Anthony Coyle

No. 78, 68
- Position: Offensive tackle

Personal information
- Born: September 19, 1996 (age 29) Staten Island, New York, U.S.
- Listed height: 6 ft 4 in (1.93 m)
- Listed weight: 298 lb (135 kg)

Career information
- High school: Tottenville (Staten Island, New York)
- College: Fordham
- NFL draft: 2018: undrafted

Career history
- Houston Texans (2018)*; Green Bay Packers (2018–2019)*; Atlanta Falcons (2019)*; New York Guardians (2020); Pittsburgh Steelers (2020); Indianapolis Colts (2021)*;
- * Offseason and/or practice squad member only

Awards and highlights
- Mid-season All-XFL (2020);
- Stats at Pro Football Reference

= Anthony Coyle (American football) =

American football player (born 1996)

Anthony Coyle (born September 19, 1996) is an American former football offensive tackle. He played college football at Fordham.

==Early life==
Coyle attended Tottenville High School in Staten Island.

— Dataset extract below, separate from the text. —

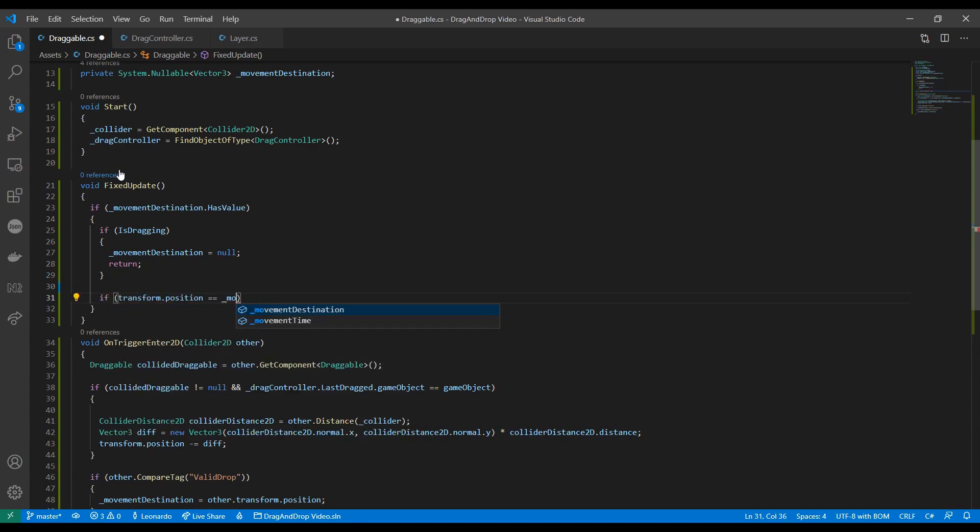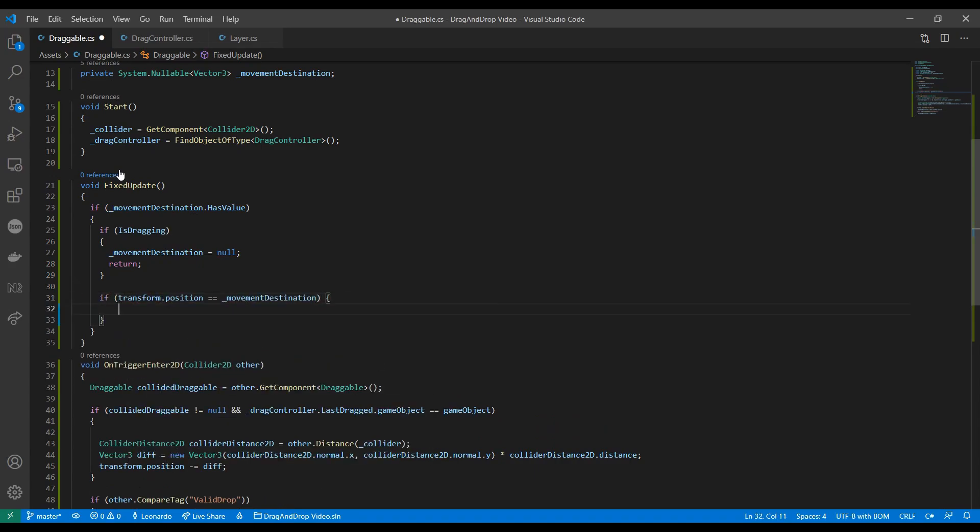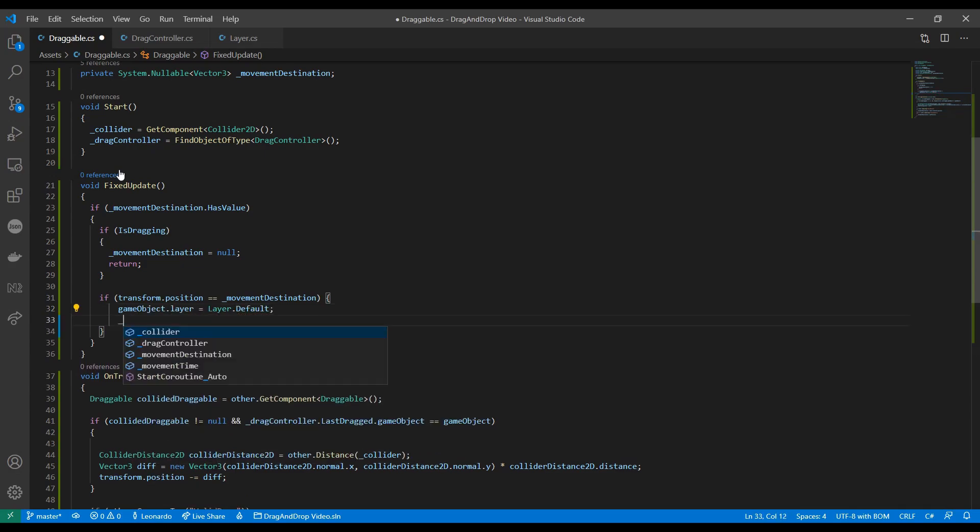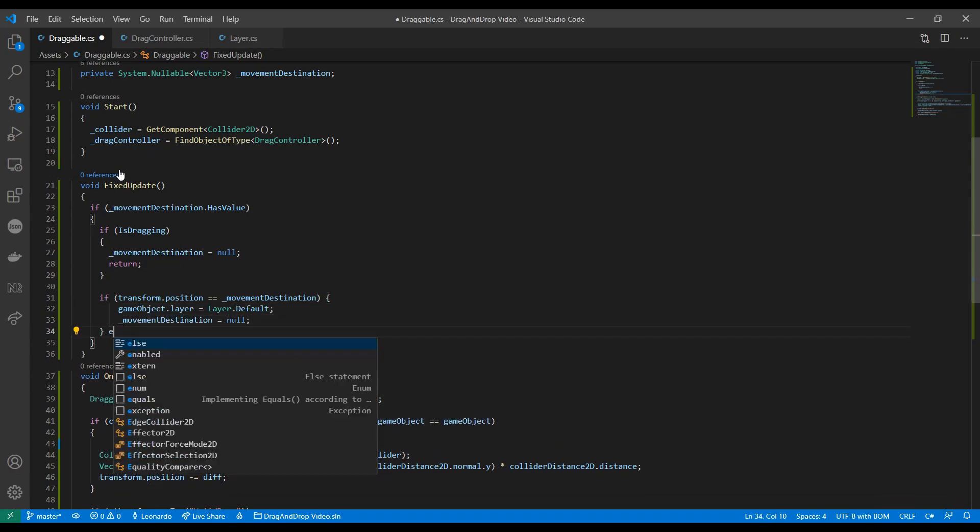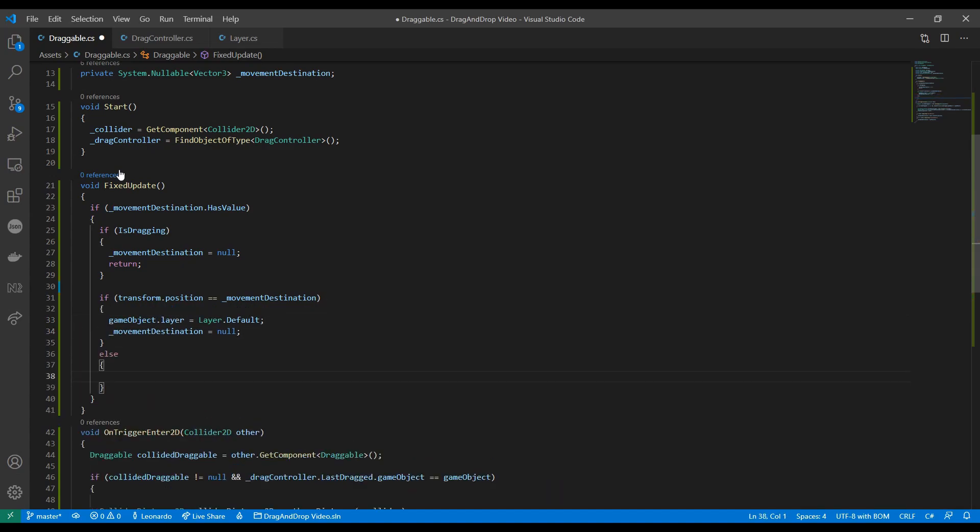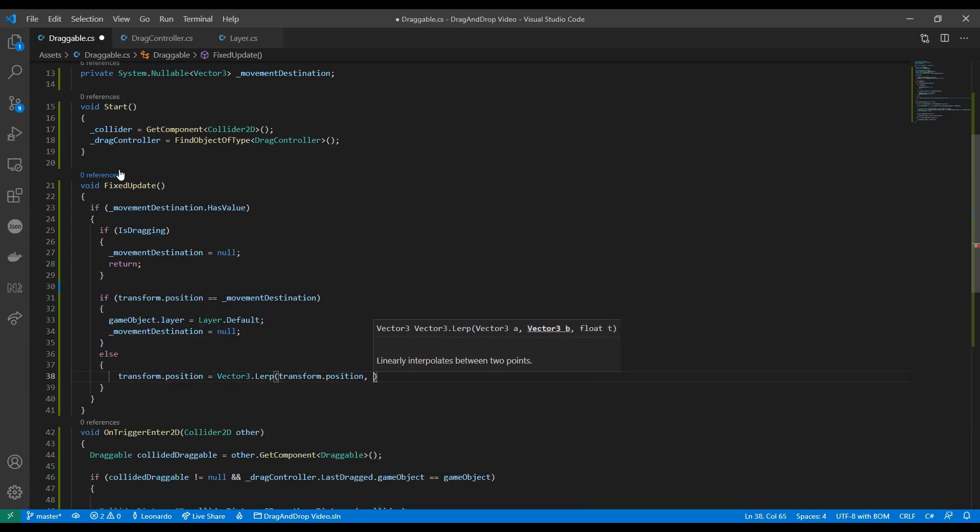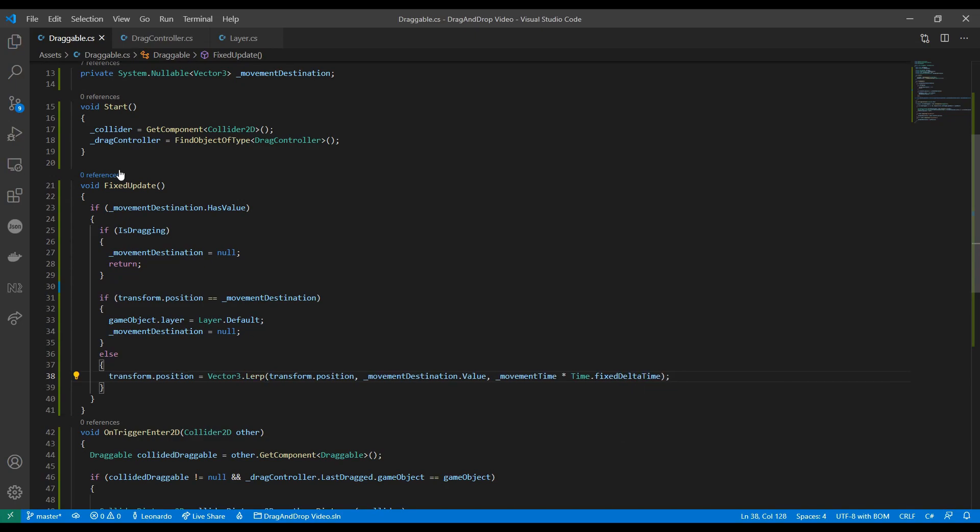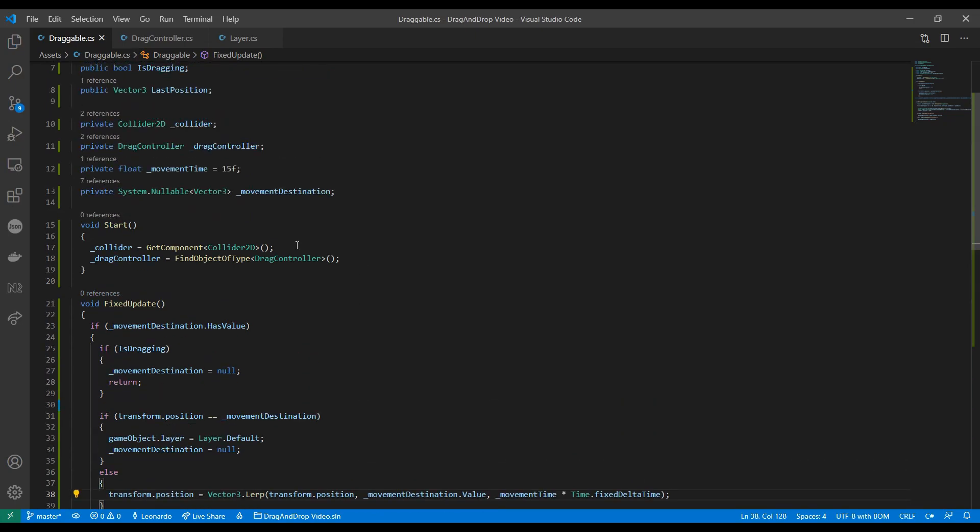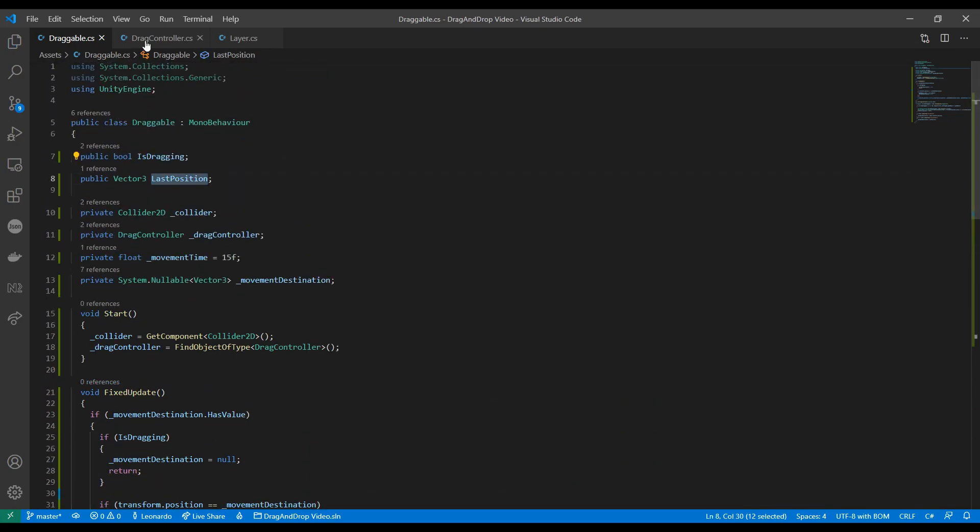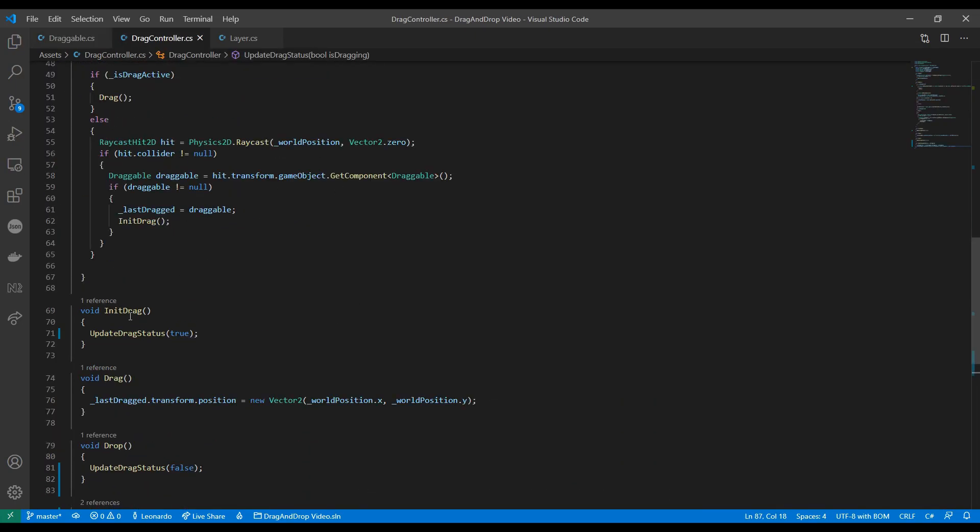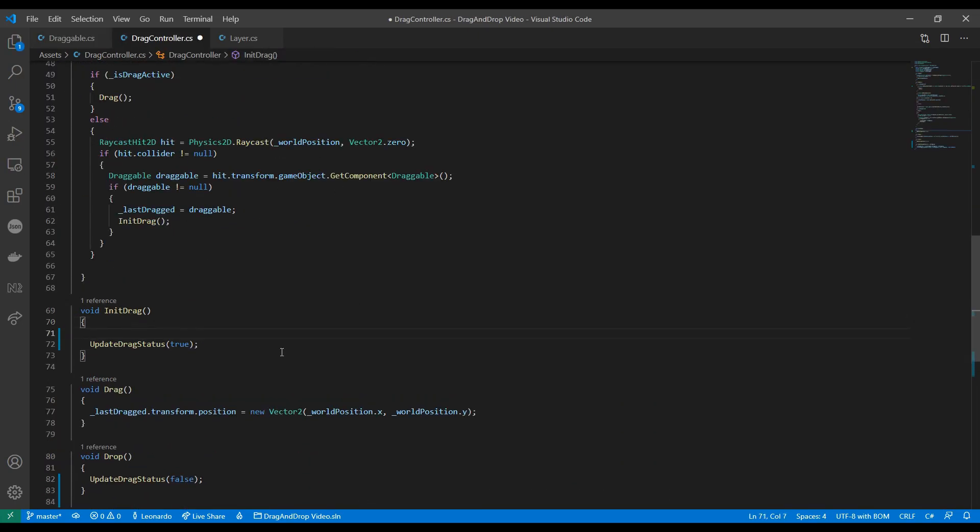If our current position equals the destination we set the layer to default to re-enable collisions. Otherwise we smoothly move with vector3.lerp. The last position is set from the drag controller when we begin our drag.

He began his high school career at nose tackle, but switched to the offensive line as a junior. Coyle earned the Sal Somma Award as Staten Island's top offensive lineman in 2013.

==College career==
Coyle played college football at Fordham and played in 48 games. He started 10 games at right tackle as a freshman in 2014 before switching to left tackle as a sophomore and starting 34 games at that position. Coyle earned Phil Steele NCAA FCS Freshman All-America honors and was named to the Second-team All-Patriot League during his sophomore season. As a junior and senior, he was named to the First-team All-Patriot League. He allowed seven sacks in four years at Fordham.

==Professional career==

Pre-draft measurables
| Height | Weight | Arm length | Hand span | 40-yard dash | 10-yard split | 20-yard split | 20-yard shuttle | Three-cone drill | Vertical jump | Broad jump | Bench press |
| 6 ft 4+3⁄8 in (1.94 m) | 298 lb (135 kg) | 32+1⁄4 in (0.82 m) | 10+1⁄4 in (0.26 m) | 5.20 s | 1.84 s | 3.12 s | 4.79 s | 7.71 s | 27.0 in (0.69 m) | 8 ft 3 in (2.51 m) | 29 reps |
All values from Pro Day

===Houston Texans===
After going undrafted in 2018, Coyle signed as an undrafted free agent to the Houston Texans. He was waived on September 1, 2018.

===Green Bay Packers===
On September 25, he was signed by the Green Bay Packers to their practice squad. Coyle was placed on the practice squad injured list on November 28. During a preseason game in August 2019, Coyle had two holding penalties. He was released by the Packers on August 31.

===Atlanta Falcons===
On November 5, Coyle was signed by the Atlanta Falcons to their practice squad.

===New York Guardians===
Coyle was selected in the fourth round of the 2020 XFL draft by the New York Guardians. He served as a starting guard for the Guardians. He had his contract terminated when the league suspended operations on April 10, 2020.

===Pittsburgh Steelers===
On April 16, 2020, he was signed by the Pittsburgh Steelers. He was waived on September 5, 2020, and signed to the practice squad the next day. He was elevated to the active roster on December 2, December 7, and January 2, 2021, for the team's weeks 12, 13, and 17 games against the Baltimore Ravens, Washington Football Team, and Cleveland Browns, and reverted to the practice squad after each game. On January 14, 2021, Coyle signed a reserve/futures contract with the Steelers. He was waived/injured on August 4, 2021, and placed on injured reserve. Six days later, he was released from the injured reserve with an injury settlement.

===Indianapolis Colts===
On September 14, 2021, Coyle was signed to the Indianapolis Colts practice squad. He was released on October 15.

==Personal life==
Coyle's twin brother Robert played football at Fairleigh Dickinson. Coyle has a fiancée, Emily, and a son Anthony, born in December 2019.